The SPS rollout is fairly aggressive but will not be able to cover the entire spectrum of IT products from the get-go. With the SPS 1.0 release in late May, the offering will cover Sun hardware products (Sparc and x86 servers and Sun) running Solaris and Sun middleware, such as Java Enterprise System. With SPS 1.1 in December 2004, Sun’s partners will be able to sell and engage in SPS contracts. In the spring of 2005, Sun’s N1 products will be woven into the offering, and a year from now, after Sun and its partners gain enough experience with SPS, the offering will go heterogeneous, covering most popular IT platforms found in datacenters these days. At first, Sun’s metrics will examine the availability of components as they operate, but by the release of SPS 2.0, the company will have expanded its eRAS tools and will have established various metrics to quantify and qualify the salient availability, performance, and other characteristics of the people, processes, and products in the data center.
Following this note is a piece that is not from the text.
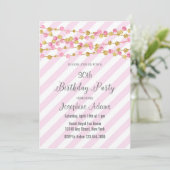 Roze en Gold Glitter Birthday Invitation Kaart (Staand voorkant)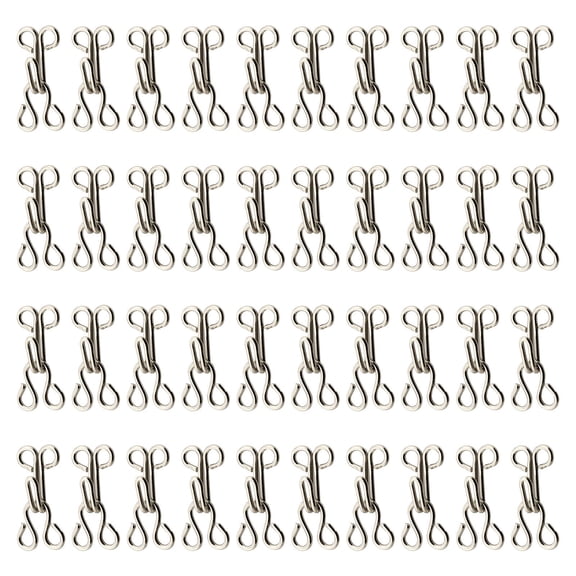 LOLIPPYY 50Pcs Metal Button Hook Buckle Plated Silver for Clothes Durable Lightweight Fastener for Jackets Jeans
Among the 40 prototype customers testing SPS before the launch, Sun has seen a substantially lower total cost of ownership of IT gear, according to Mr Harding. The price/performance of a particular server may not have changed, but tweaking systems, getting training, and teaching people can make the total cost of owning Sun solutions an order of magnitude lower. According to Mr Harding, a European outsourcing firm that was part of the SPS beta program reduced its own costs by 20%, and improved customer service as well. A North American communications company with more than 1,000 mission-critical systems boosted overall availability to 99.98% and cut operation risks in half. A global automaker in the SPS beta program reduced the number of severity-one outages on its Sparc/Solaris systems by 67% and cut unplanned outages by a factor of 10. An electronics manufacturer boosted availability from 99.3% to 99.999%, reducing annual unplanned downtime on its Sparc/Solaris systems from 61 hours to less than 6 minutes.
Such SPS numbers will go a long way toward alleviating some of the pressure that Sun’s high-end server business has been under. And eventually it might simply make sense to bundle SPS with certain high-end Sun accounts, just to make it harder for Unix and Linux server competitors, as well as those with competitive services offerings, to get their feet in the data center door.